小野神社は小野篁(おののたかむら)を祀った神社だ。天禄年間(972年頃)に武蔵の国司として赴任した小野孝泰が建立したものという。

小野篁は平安時代初期の公卿(国政を担う役人のこと)だが、書や詩歌に優れ、歌人としてもよく知られている。少しばかり謎めいたところもあって、昼は朝廷に仕え、夜は冥府で閻魔大王の補佐をしていたいう伝説が残っている。冥府との往還には井戸を使っていたそうである。どうしたことから篁の冥界往還伝説が生まれたのか、興味を覚えるところだ。
秋の万松寺谷戸
小野神社への参拝を済ませたら万松寺谷戸へと歩を進めよう。小野神社の脇から三本の道が谷戸の奥へと延びている。どの道を選んでも万松寺谷戸へと続いているが、今回はいちばん右手、丘の斜面を辿る道を進んで行こう。

道は舗装路だが、車一台がようやく通れるほどの幅しかない。150mほど進むと左手に逸れる細道がある。左に逸れる道へ進んでいこう。道はさらに細道で、丘の斜面を辿っている。右手には鬱蒼と木々が茂り、左手には木々の隅間から丘裾に並ぶ家々が見えている。

秋の万松寺谷戸
少し進むと道の右手に六地蔵が祀られている(実際には七体のお地蔵様が佇んでいらっしゃる)。この道が昔から人々の往来のあった道だということだろう。お地蔵様の横にはいくつもの石碑が並んでいる。刻まれた文字が判読できないが、庚申塔や馬頭観音だろうか。おそらく近隣に散在していたものをここに集約して祀ったものだろう。

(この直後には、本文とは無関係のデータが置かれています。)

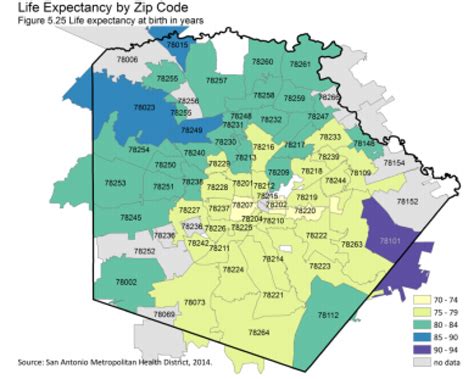 Health Report Shows Life Expectancy Disparities Across San Antonio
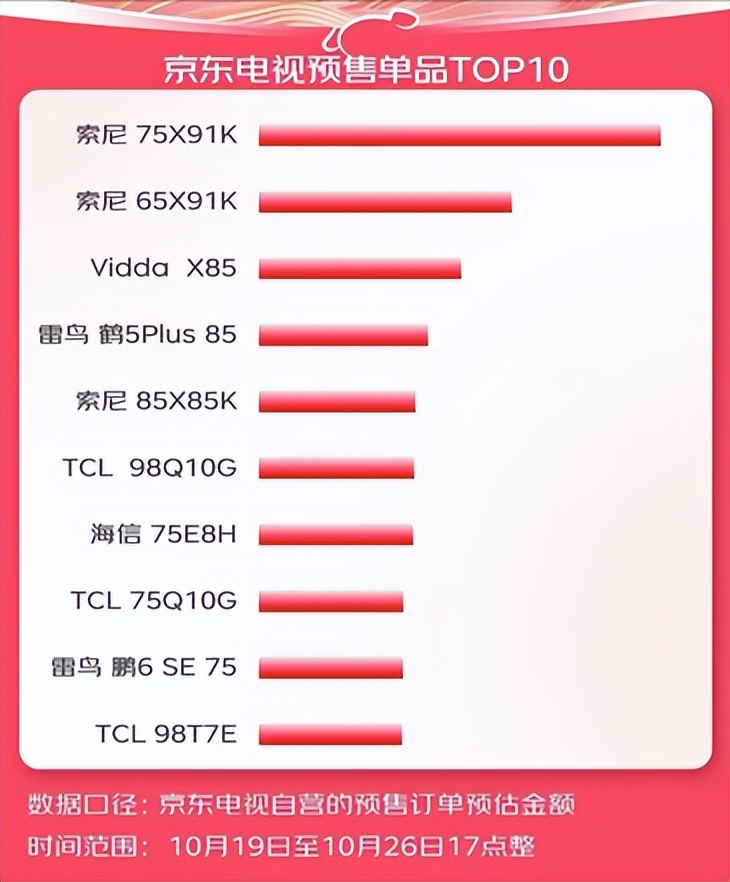 双11全网最便宜的85寸电视,双11海信75寸电视是否有特价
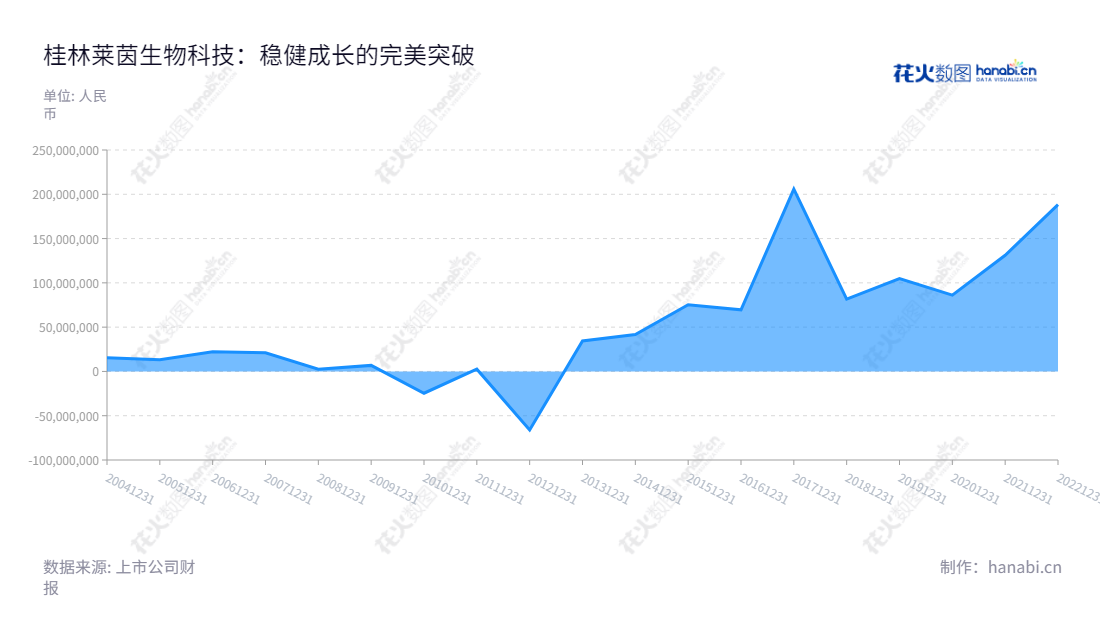 桂林莱茵生物科技股份有限公司是一家位于桂林的领先的自然健康产品和建筑公司,正在推动可持续发展,为全球消费者提供安全、有效、质量优良的天然产品和建筑解决方案。,"002166","莱茵生物","Layn","秦本军","秦本军","国证2000","国证A指","信息设计","数据可视化","数据视频","数据分析","数可视","BI","花火数图","堆叠折线图","营业收入","上市公司"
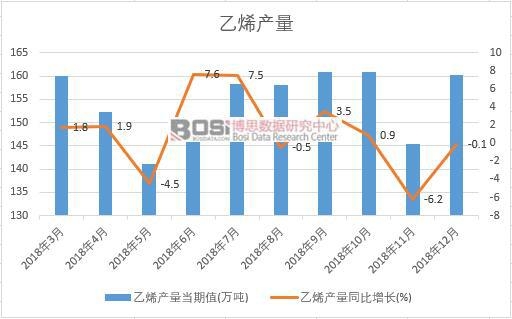 2018���Ї���ϩ�a(ch��n)����(sh��)��(j��)�¶Ƚy(t��ng)Ӌ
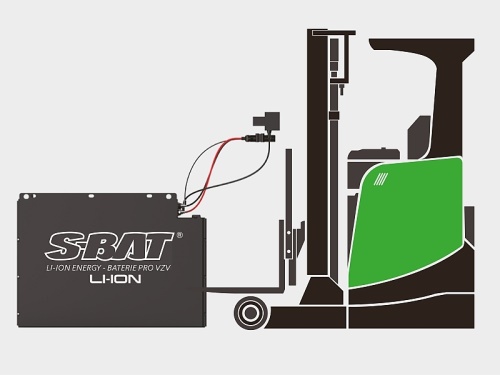S-BAT 48/560 Li-ion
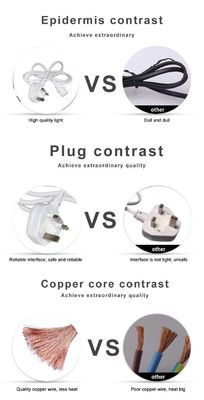 extension cord. B1363 PDU with 5M Rewireable Outlet and UK C13 Power Cable BS Male End Type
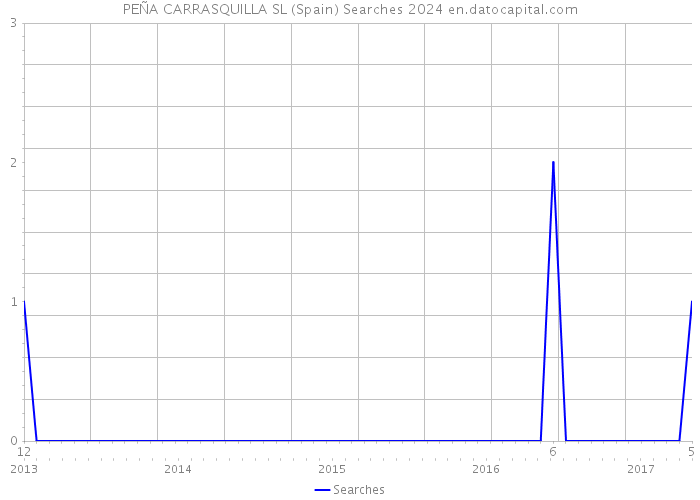 PEÑA CARRASQUILLA SL (Spain) Searches 2024 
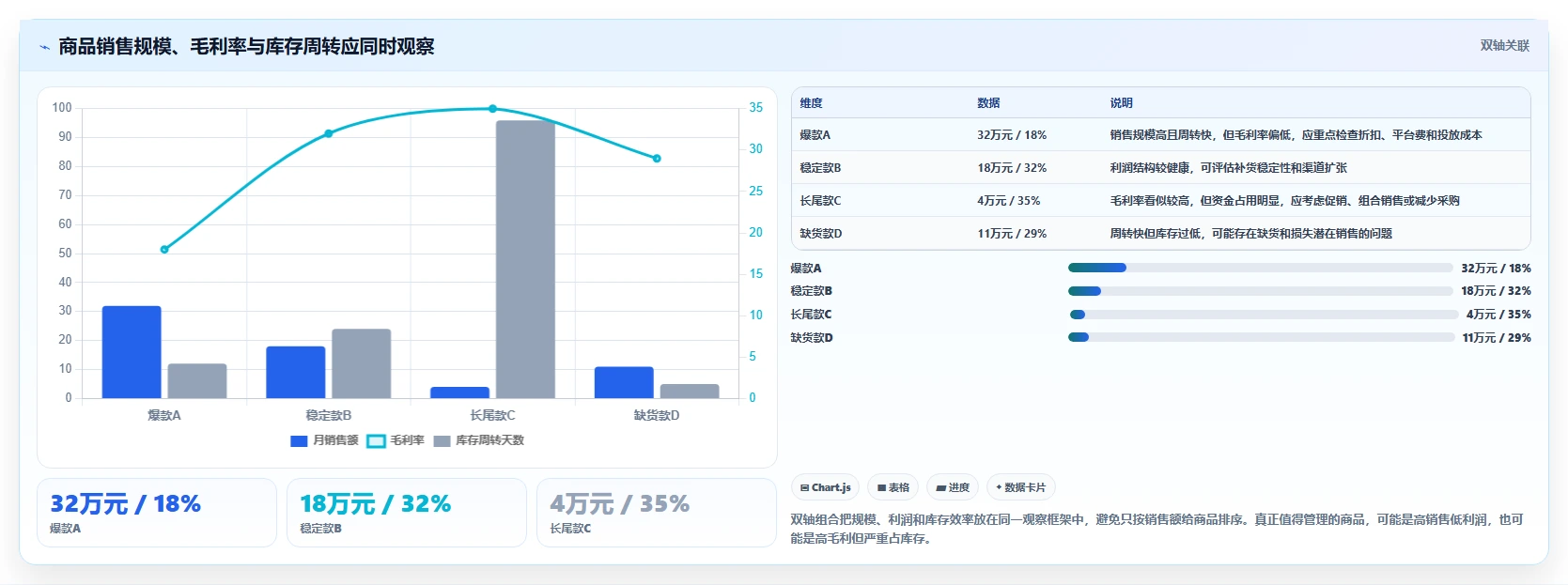 电商管理基础课：商品管理相关的工具对比一次讲透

六地蔵を過ぎて坂となった道を降りてゆくと、また左手に逸れて下りる道がある。真っ直ぐに進めば万松寺だ。左へ逸れて下りていこう。丘裾の道へ下りて万松寺の横を過ぎると視界が開けて、眼前に美しい里山風景が広がる。万松寺谷戸である。
秋の万松寺谷戸
万松寺谷戸はすでに「図師小野路歴史環境保全地域」の地域内である。「図師小野路歴史環境保全地域」は「東京のおける自然の保護と回復に関する条例」によって指定されているもので、万松寺谷戸から小野路城跡、さらに図師町の神明谷戸や五反田谷戸、白山谷戸の辺りにかけてが地域内になっている。歴史的遺産と良好な自然が残されていることから指定されたもので、指定面積は約37haに及ぶ(そのうち公有地は約24ha)。

秋の万松寺谷戸
この「図師小野路歴史環境保全地域」とその周辺地域は「にほんの里100選」のひとつである。「にほんの里100選」は朝日新聞社と公益財団法人森林文化協会の主催によって2008年(平成20年)に選定、2009年(平成21年)初頭に発表されたもので、“人の営みが育んだすこやかで美しい里”を全国から100ヶ所選定したものだ。東京都で選定されているのは、唯一「小野路」だけである。

秋の万松寺谷戸
万松寺谷戸も秋の表情である。ススキが風に揺れ、丘の木々には早い紅葉が混じり、谷戸の一角では柿が実っている。車の音もここまでは届かず、ときおり鳥の声が聞こえるばかりで辺りは穏やかな静かさに満ちている。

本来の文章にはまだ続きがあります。